Saturday, August 15, 2009

Notes From Woodstock



On the fortieth anniversary of the most famous music concert ever, the little town of Woodstock is back in the headlines again.

I live in Woodstock. I moved here when I was nine. I was twelve in 1969 - no way were my parents going to let me go to the concert fifty miles away. But I saw this town when it was clear why the festival organizers wanted to keep the name anyway.

Woodstock was a young town then. It had been an arts colony long before the hippies claimed it, but in 1969 the streets were crowded with long haired, friendly stoners. Music drifted into the street from the Joyous Lake on one end of town and the Cafe Espresso on the other. There was always the smell of leather from the weirdly named leather shop in the center of town. The biggest names in rock could be found jamming a the Espresso or grabbing a pizza at the Millstream Motel.

My first job, just a couple of years later, was to sit in the little rough-lumber shack that served as the Chamber of Commerce information booth at the main intersection into town in front of the Woodstock Playhouse and point down the road to the highway.

"It wasn't here," I told carload after carload of people who wanted to see Max Yasgur's farm. "It wasn't here."

But people came anyway. There was a good vibe in Woodstock and the artists will tell you there always has been. They say it's the mountains.

I left when I went to college and didn't come back to live until thirty years later.

Woodstock 2009 is a changed place, just as the world has changed since then. The music business blossomed here, then withered. The hippies grew up and either burned out or assimilated. The leather shop is gone, replaced by a chic clothing store. The Espresso is a photo gallery. The Lake is a tee shirt and head shop. The musicians who stayed kept pretty much to themselves.

Woodstock has become an old town. Its young people huddle together on the stone steps in front of the empty storefront that was once Just Alan's; the first hip, urban gift shop in town. They show up at the convenient store, their red-rimmed eyes and wobbly gaits making the six packs in their hands seem like overkill. By ten at night, the streets are usually empty.

The older residents, some of whom have been here since before the concert, remember how it used to be and wonder what happened. They miss the music. They miss the life. The laid back attitude is still here, but it's not what it was. It's a quiet country town with a few eccentrics and a weekend tourist trade.

Live music venues are trying to make a comeback in town this year. The winter will determine how many of them survive.

But there's a problem here that I don't think is unique to my town and I saw a demonstration of it tonight.
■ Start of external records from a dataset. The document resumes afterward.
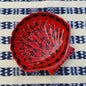 Shell Dish Plate 4.7*5" Choose Your Favorite Contemporary Color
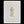 Bichon Frise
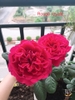 Hoa hồng rouge royal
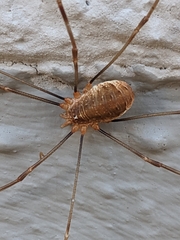 Opilio canestrinii
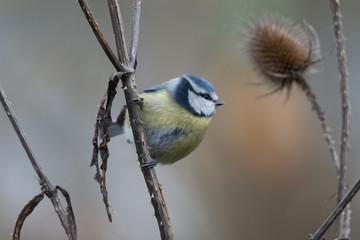Blaumeise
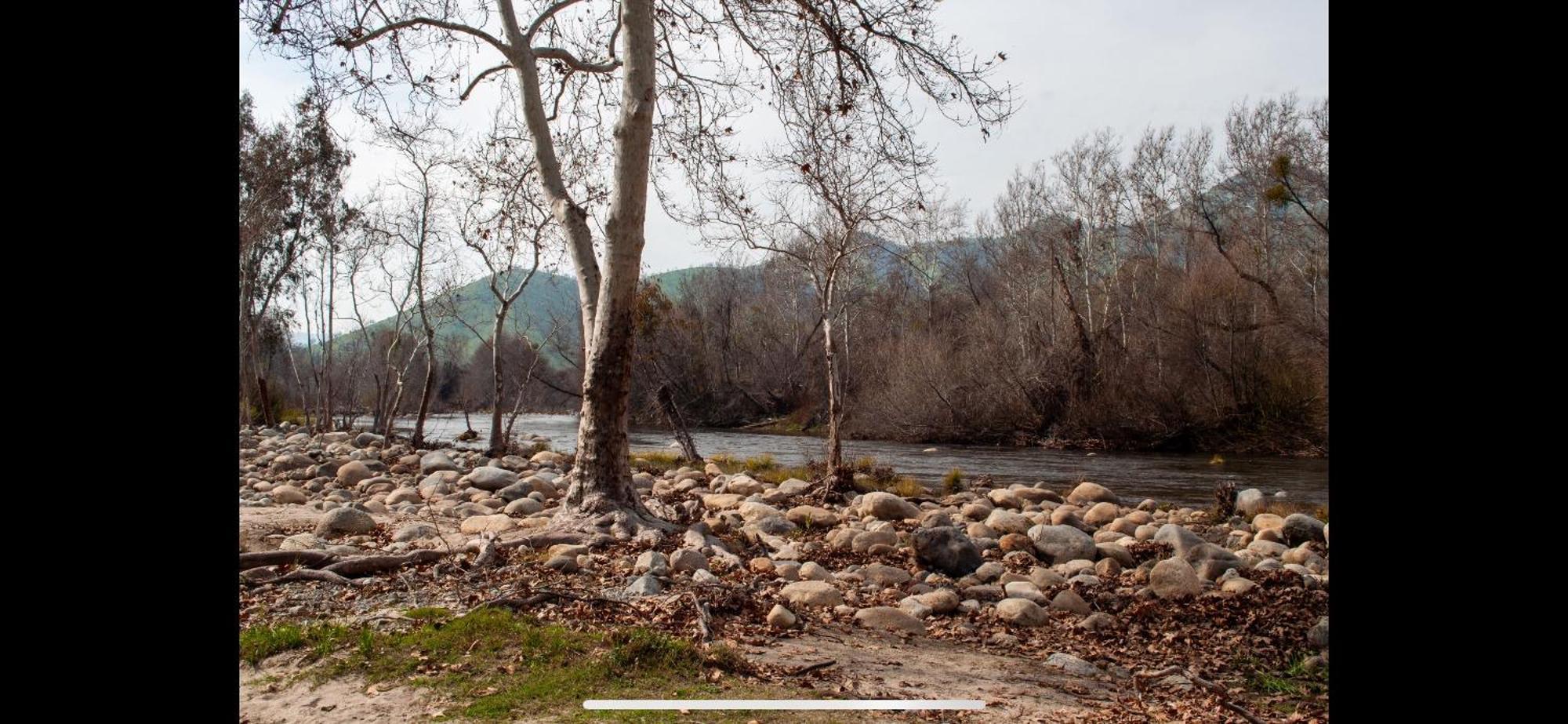 Sequoia River Front Cabins Three Rivers Buitenkant foto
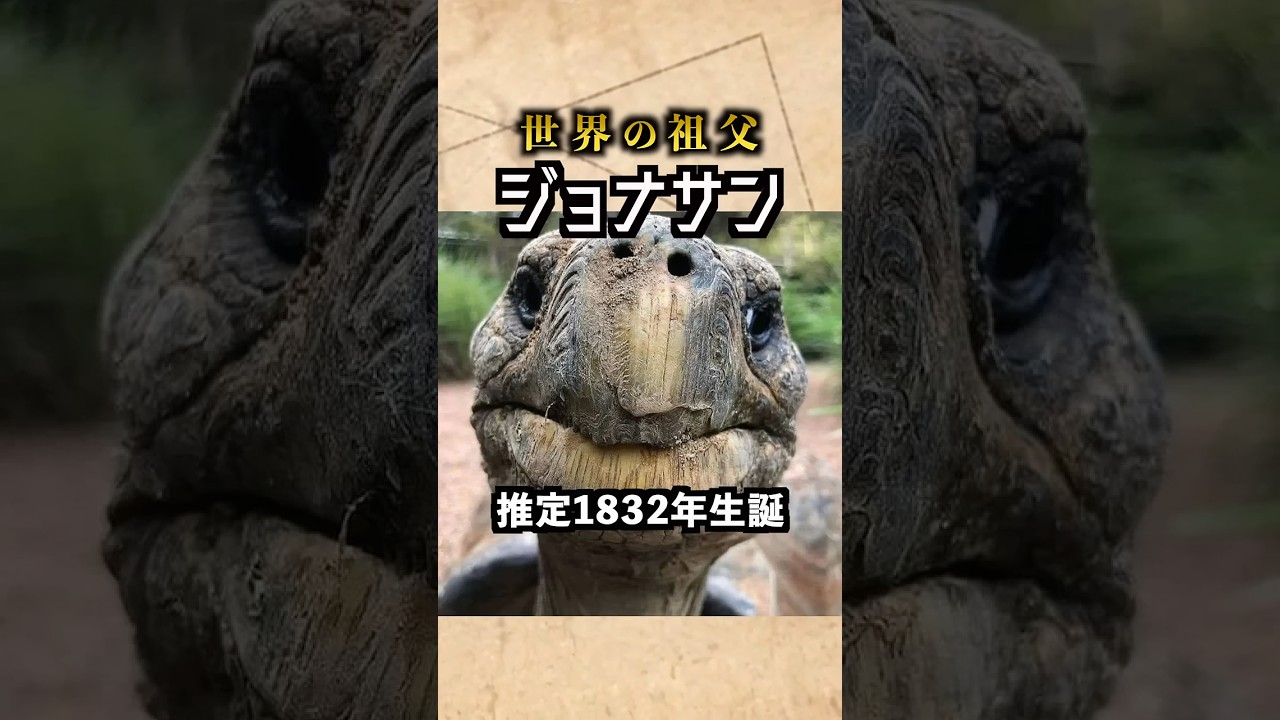 江戸時代から生きてる世界最高齢の陸生生物 ジョナサン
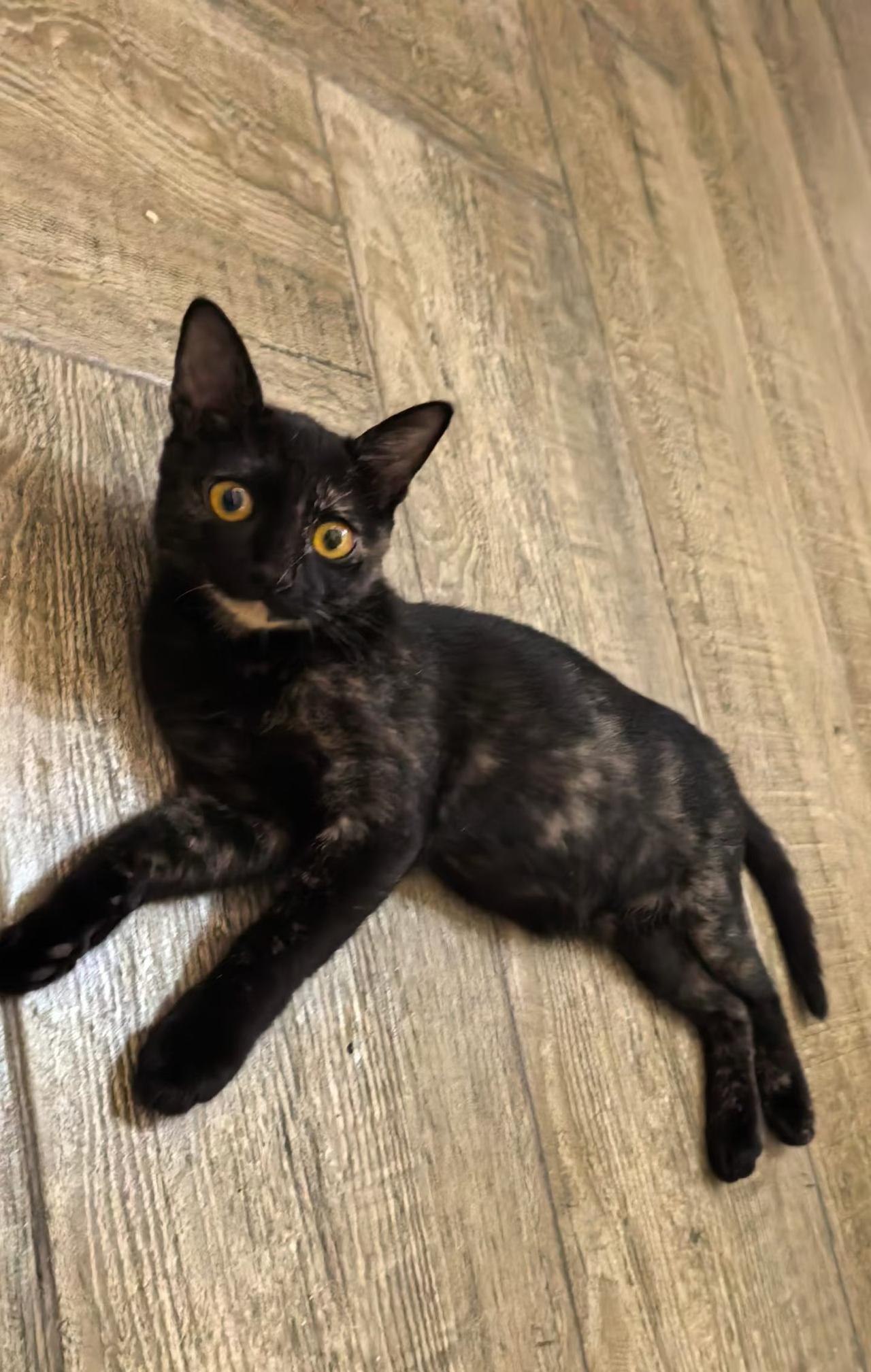 珠海，救助的玳瑁猫寻找爱心领养

宠物品种:烟熏妆玳瑁不明显偏黑
宠物名 ：岱岱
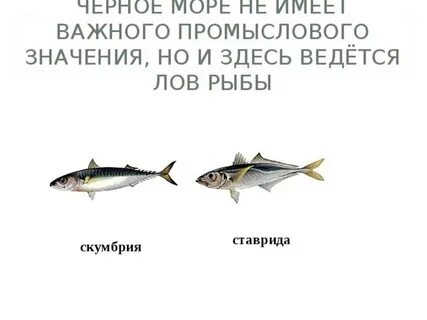 Моря имеющие промысловое значение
Woodstock, being Woodstock, always holds it fourth of July fireworks in August. I don't know why. But it's a great show and we go every year. This year I got some insight into at least one difference between the Woodstock I grew up in and the one I live in now.

As the sky lit up with a million lights and the booms echoed off the mountains, kids near us were yelling.

"I love PCP!" "I smoke meth!" "Meth is better than heroin!"

When the crowds flooded the sidewalk back to town, a few of the kids, clearly high, were harassing people as they passed. I won't repeat some of the things they said, but one thing that struck me was this one: "I'm just feeling really violent right now, you know? I want to hurt somebody."

And there's the difference.

I believed, back in the Woodstock of 1969, that the proliferation of drugs was an attempt to realize the connection between us all, an attempt to transcend reality to see something bigger, something even more real. I wasn't doing drugs. I was looking in from the outside. And the people who were doing drugs didn't scare me.

There were angry, troubled people, too, of course. But they were the exception among the hippies I saw every day in town. Most of them were sweet, gentle people who would look you in the eyes and try to have long, earnest conversations about things they thought were really important. They were silly sometimes, but they were kind.

Today's young drug users seem to be angry. They take drugs not to find answers, but to escape. And when they're high, they're even angrier.

I'm not blaming the kids. I'm realizing how the world has changed. We've all become angrier. That weekend of peace and love forty years ago was such a short, sweet interlude. And after that was Kent State, Watergate, so many years of disappointments, disillusionment and disgust culminating in Dick Cheney.

It takes real resilience to hold on to dreams when reality can be so ugly.

3 comments:

Susan said...

Thank you very much, Elise. Kind of you to drop by and leave a calling card.
Greetings from Woodstock.
S

Bob said...

Yes. Woodstock and the culture surrounding it made the whole world peaceful for an "interlude". Sure. Grow up. The world wasn't a hippie paradise then, and it never will be. You just finally caught up with the rest of us.

Susan said...

And that's one sad, bitter commentary. When 'growing up' means 'giving up', I'll take the Peter Pan syndrome any day.
It never will be?
I still don't buy it. But I will admit it's still a long way off.